At the hearing on 26 May 2021, the Regional Administrative Court, recognising that the matter was highly complex and required further analysis, set the trial for 15 December 2021. On 21 December 2021, the Lazio Regional Administrative Court - Latina Section with Sentence No 691/2021 deemed the appeal inadmissible. The Company appealed to the Council of State with a hearing set for 10 March 2022, at the end of which the Board rejected the appeal and adjourned the case for a decision. The Company prepared a request for withdrawal. The date for the hearing on the merits has not yet been set.

Injunction order for payment of € 10,700,000 and counter-claim by OTAA 5 for concession fees

On 28 February 2017, sentence no. 304/2017 of the Court of Frosinone was published, related to civil judgement RG 1598/2012, pending between Acea Ato5 and the Optimal Territorial Area Authority no.5.

Indeed we recall that the Company had acted, in 2012, with the proposition of a monitory action intended for the recovery of its credit (for the amount of € 10,700,000.00) arising from the Settlement Agreement signed with the Area Authority on 27 February 2007, in implementation of the resolution of the Mayors’ Conference no.4 of 27 February 2007 relating to recognition of higher operating costs incurred in the three-year period of 2003-2005 in the start-up phase of the Concession.

The Area Authority had opposed the injunction, disputing the existence of the credit and the validity of the Transaction on the presumption that the same had been replaced by the annulment by own determination of Resolution no. 4/2007 (made as a result of subsequent Resolution of the Mayors’ Conference no. 5/2009).
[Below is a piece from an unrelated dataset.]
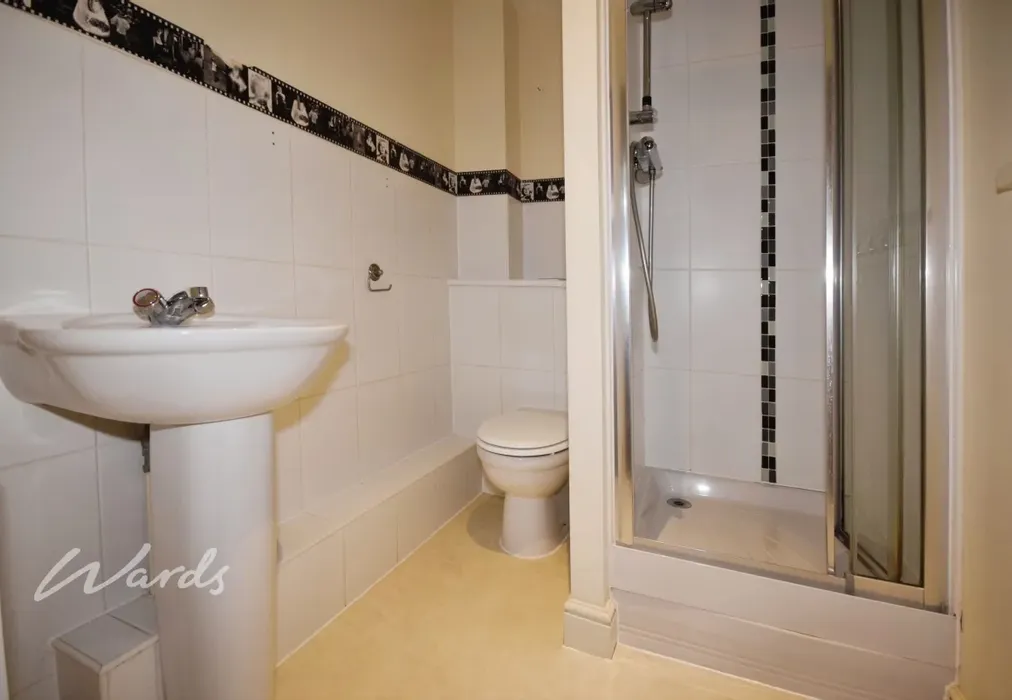 En-suite - North Star Boulevard, Greenhithe, Kent - Wards of Kent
Furthermore, the same Area Authority had disputed the legitimacy of the Transaction, since, in its words, the same had been adopted in violation of the regulations in force pro-tempore and specifically the Normalised Method as per Italian Ministerial Decree 1.08.1996. Finally, the Area Authority – in formulating an objection to the injunction order, for the substantial reasons mentioned above – had also filed a counter-claim intended to obtain the payment from the Company of the concession fees related to the 2006-2011 period and quantified as € 28,699,699.48.

In this context, the Court of Frosinone, with sentence no. 304/2017:

  • rejected the grounds for opposition formulated by the Area Authority, highlighting, on the one hand, that the annulment, by own determination, of Resolution 4/2007 (as a result of subsequent Resolution no. 5/2009) had no effect on the underlying private relationship, and therefore on the validity of the Settlement Agreement of 27 February 2007; on the other hand, that the Transaction did not violate the Normalised Method since the so-called “price cap” principle is only valid for any tariff increases;
  • annulled the injunction order on the assumption of the nullity of the Resolution of the Mayors’ Conference no. 4/2007 and of the Settlement Agreement adopted by the Area Authority in violation of the public regulations requiring the identification of the financial coverage of the act itself;
  • rejected the requests prepared subordinately (in the event that the Settlement Agreement had been declared invalid) by Acea Ato5 defence attorneys, intended to obtain recognition of the credit by the Area Authority;
  • referred the case for pre-trial examination as regards the counter-claim formulated by the Area Authority, which, it is useful to note, in its closing briefs nevertheless recognised the successful payment, by the Operator, of a large part of its debt, describing the existence of a residual credit of approximately € 7,000,000.00. At the hearing on 17 November 2017, the following documents were filed on behalf of Acea Ato5: copy of the transfer of 31 July 2017 for € 2 million; copy of the transfer of 4 October 2017 for € 2,244,089.20 and the Acea Memo dated 16 November 2017. With reference to the latter memo, the following were highlighted:

a. the commitment of Acea Ato5 to pay € 1,370,000 by December 2017;

b. the dispute of any other indebtedness regarding concession fees.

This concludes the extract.